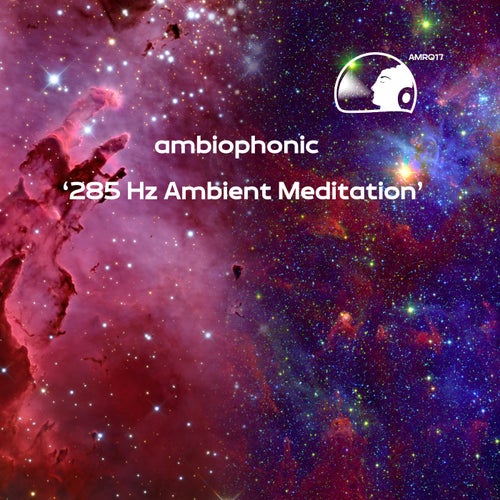 ambiophonic - 285 Hz Ambient Meditation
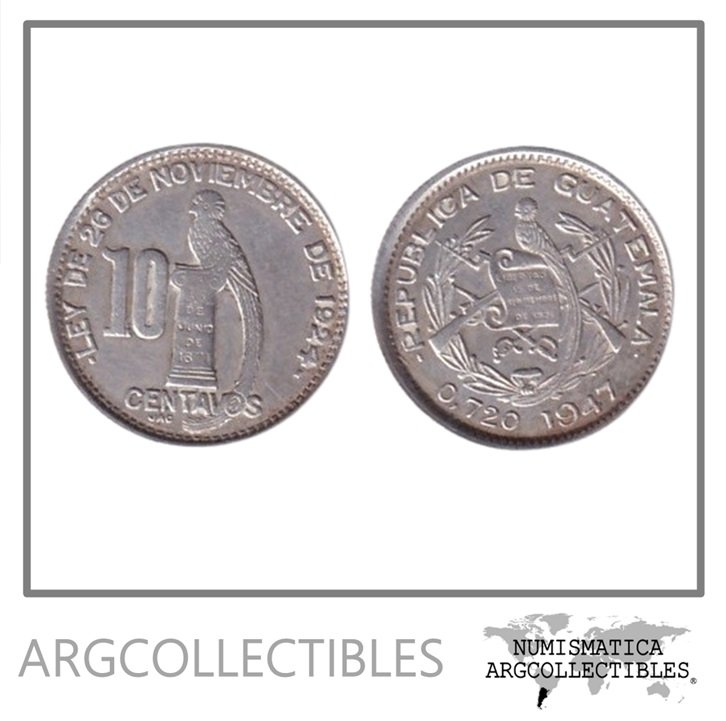 Guatemala Moneda 10 Centavos 1947 Quetzal Plata 720 KM-239 XF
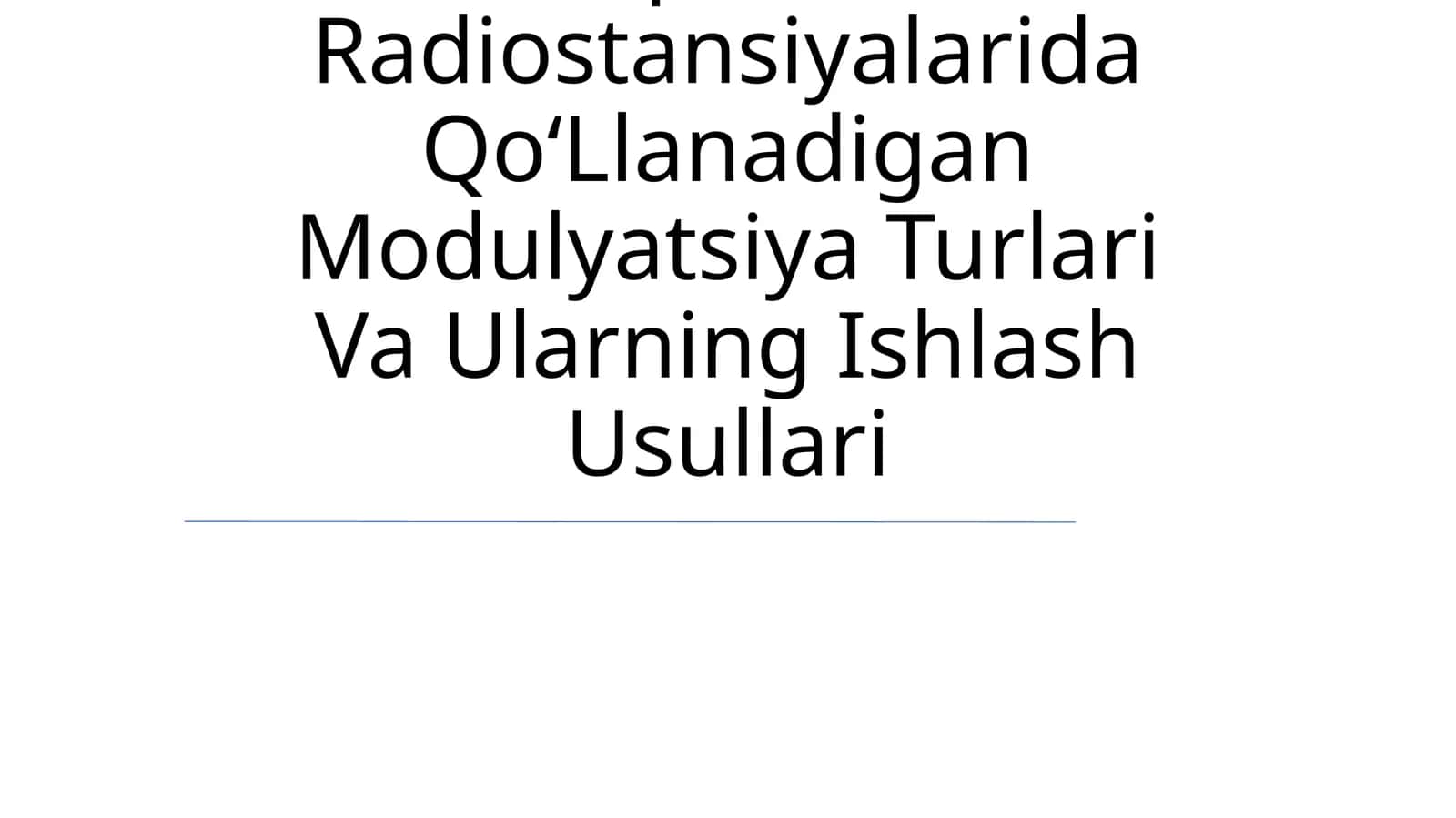 Janubiy Koreaning Qisqa To‘Lqin Diapazonli Radiostansiyalarida Qo‘Llanadigan Modulyatsiya Turlari Va Ularning Ishlash Usullari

== == ==

Brief: Output the material above verbatim but exclude each picture.

Reply to the exercise:
 ambiophonic - 285 Hz Ambient Meditation
 Guatemala Moneda 10 Centavos 1947 Quetzal Plata 720 KM-239 XF
 Janubiy Koreaning Qisqa To‘Lqin Diapazonli Radiostansiyalarida Qo‘Llanadigan Modulyatsiya Turlari Va Ularning Ishlash Usullari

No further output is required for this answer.